Forget movies that are 30 — or even just three — years in the past: Pictures cycle through theaters so quickly today that it's easy to feel nostalgic about movies that were released three months ago. This week's must-see movie, the one all your friends are talking about and all the blogs are flogging, will be next week's "What was that thing called again?" There are still instances in which word of mouth can expand a movie's popularity over several weeks (the low-budget megaphenomenon "Paranormal Activity" is a perfect example), but it's rare these days for a movie to have much of a shelf life in theaters.
So what does that mean in the context of a "best of the decade" list? By 2009, a movie released in 2001 can seem like ancient history. And yet sifting through the movies I've loved over the past 10 years has made the past decade seem shorter, not longer. Getting off the "What's new this week?" treadmill only makes you realize how quickly time passes — and also realize that movies released at the beginning of the decade can sometimes seem as fresh as if they were made yesterday. Maybe it really is too early to feel nostalgia for Edward Yang's "Yi Yi" or Richard Kelly's "Donnie Darko." But revisiting them in my memory — or on DVD — makes me appreciate how enduring they are, compared with, say, fairly recent hits like "Transformers 2" or "The Proposal," movies that were certified "big deals" during their respective opening weeks.

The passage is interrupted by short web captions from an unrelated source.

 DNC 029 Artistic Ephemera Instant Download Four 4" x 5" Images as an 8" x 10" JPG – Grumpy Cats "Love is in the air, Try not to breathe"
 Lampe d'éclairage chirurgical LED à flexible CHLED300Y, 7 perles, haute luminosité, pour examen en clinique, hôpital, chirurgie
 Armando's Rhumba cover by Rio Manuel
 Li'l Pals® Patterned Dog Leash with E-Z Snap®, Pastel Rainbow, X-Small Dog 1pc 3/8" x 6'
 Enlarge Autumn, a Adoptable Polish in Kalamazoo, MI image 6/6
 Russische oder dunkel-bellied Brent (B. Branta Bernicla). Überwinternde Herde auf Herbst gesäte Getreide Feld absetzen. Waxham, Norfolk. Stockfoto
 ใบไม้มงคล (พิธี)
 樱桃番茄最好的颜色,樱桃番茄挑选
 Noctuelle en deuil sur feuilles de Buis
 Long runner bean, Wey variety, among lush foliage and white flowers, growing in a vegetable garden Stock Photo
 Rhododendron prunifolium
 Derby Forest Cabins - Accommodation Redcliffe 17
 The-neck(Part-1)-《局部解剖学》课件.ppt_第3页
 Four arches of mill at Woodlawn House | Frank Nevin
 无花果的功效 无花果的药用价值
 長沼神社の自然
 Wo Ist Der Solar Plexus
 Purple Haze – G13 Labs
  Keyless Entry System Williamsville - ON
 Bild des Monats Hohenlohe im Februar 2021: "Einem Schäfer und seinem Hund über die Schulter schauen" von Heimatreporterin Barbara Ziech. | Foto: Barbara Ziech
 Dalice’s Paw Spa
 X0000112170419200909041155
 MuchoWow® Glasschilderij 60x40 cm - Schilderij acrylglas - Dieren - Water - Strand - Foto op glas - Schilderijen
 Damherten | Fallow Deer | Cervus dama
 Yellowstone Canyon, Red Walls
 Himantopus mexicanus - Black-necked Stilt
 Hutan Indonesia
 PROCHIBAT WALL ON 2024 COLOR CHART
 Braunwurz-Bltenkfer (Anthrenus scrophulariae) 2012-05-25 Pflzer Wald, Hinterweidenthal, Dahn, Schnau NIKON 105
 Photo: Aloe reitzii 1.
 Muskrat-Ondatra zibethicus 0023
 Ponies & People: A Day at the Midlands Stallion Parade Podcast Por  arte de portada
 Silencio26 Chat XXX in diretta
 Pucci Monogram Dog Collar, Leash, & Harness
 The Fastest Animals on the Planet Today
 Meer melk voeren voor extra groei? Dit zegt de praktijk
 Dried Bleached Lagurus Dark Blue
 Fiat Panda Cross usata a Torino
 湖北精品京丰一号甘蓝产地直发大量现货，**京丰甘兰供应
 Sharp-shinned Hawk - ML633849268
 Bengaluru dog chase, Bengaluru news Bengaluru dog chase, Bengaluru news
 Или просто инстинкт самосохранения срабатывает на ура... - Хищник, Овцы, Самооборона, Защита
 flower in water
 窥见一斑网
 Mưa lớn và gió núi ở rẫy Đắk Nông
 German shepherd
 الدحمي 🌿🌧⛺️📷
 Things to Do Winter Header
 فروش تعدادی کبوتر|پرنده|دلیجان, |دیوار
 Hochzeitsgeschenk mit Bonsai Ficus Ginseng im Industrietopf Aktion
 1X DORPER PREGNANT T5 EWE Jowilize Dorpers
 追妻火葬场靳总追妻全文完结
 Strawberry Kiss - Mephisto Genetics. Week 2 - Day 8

One last note: Unless you're my long-lost twin — in which case we have a lot more than movies to talk about — there's no way your list of films of the decade will be identical to mine. And that's precisely the point: At the risk of stating the obvious, I note that this list is not objective, balanced or drawn from a survey of other people's favorite movies, nor is it intended as any sort of consensus of what moviegoers "should" like. These 25 movies — I see no reason why such a list has to stop at 10, and beyond my No. 1 choice, they're not ranked in any particular order — are simply the ones I loved best, that gave me the most pleasure or surprised me or moved me, over the past 10 years. And before I get to my own list, I urge you to think about which movies of the first decade of the 21st century have stuck with you. Are they necessarily the big Oscar winners, or the movies all the blogs were buzzing about for approximately 30 seconds before and 30 seconds after their release, thereafter replaced by the next movie du jour? Or are they the oddities that found their way to you through the small modern miracle of the Netflix queue? Whatever they are, please feel free to share them.
"Mulholland Drive" (2001) — A mystery, an anatomy of a nightmare, a saga built on archetypal Hollywood dreams and heartbreak: David Lynch's dawn-of-the-21st-century masterpiece is, for me, the most haunting picture of the decade, rich, disturbing and erotic.
"Kings and Queen" (2004) — Arnaud Desplechin explores Tolstoy's "Happy families are all alike" maxim, reaffirming, as Tolstoy did, that it's the stories of the unhappy ones that stick with us.
"Pan's Labyrinth" (2006) — With his glorious and harrowing adult fairy tale, Guillermo del Toro pulled off the difficult feat of using pure sensation to make us think.
"Children of Men" (2006) — Alfonso Cuarón's solemn, haunting picture — set in a world in which humans have stopped giving birth — is made with a bravado that's nothing short of exhilarating.
"Casino Royale" (2006) — Martin Campbell and Daniel Craig reinvent, and rejuvenate, Bond.
"Yi Yi" (2000) Taiwanese filmmaker Edward Yang — who died in 2007 — explores the glorious, quiet mysteries of family life.
"25th Hour" (2003) — Spike Lee writes a lasting and unsentimental love letter to New York post-9/11.
"Donnie Darko" (2001) — Richard Kelly's bracingly optimistic picture about the possible end of the world died in theaters but found life on DVD, rewriting the meaning of the word "flop."
"The Diving Bell and the Butterfly" (2007) — Julian Schnabel's deeply sensual picture about a man who's capable of moving one eyelid and no more is keyed in to the indescribable something that makes life life.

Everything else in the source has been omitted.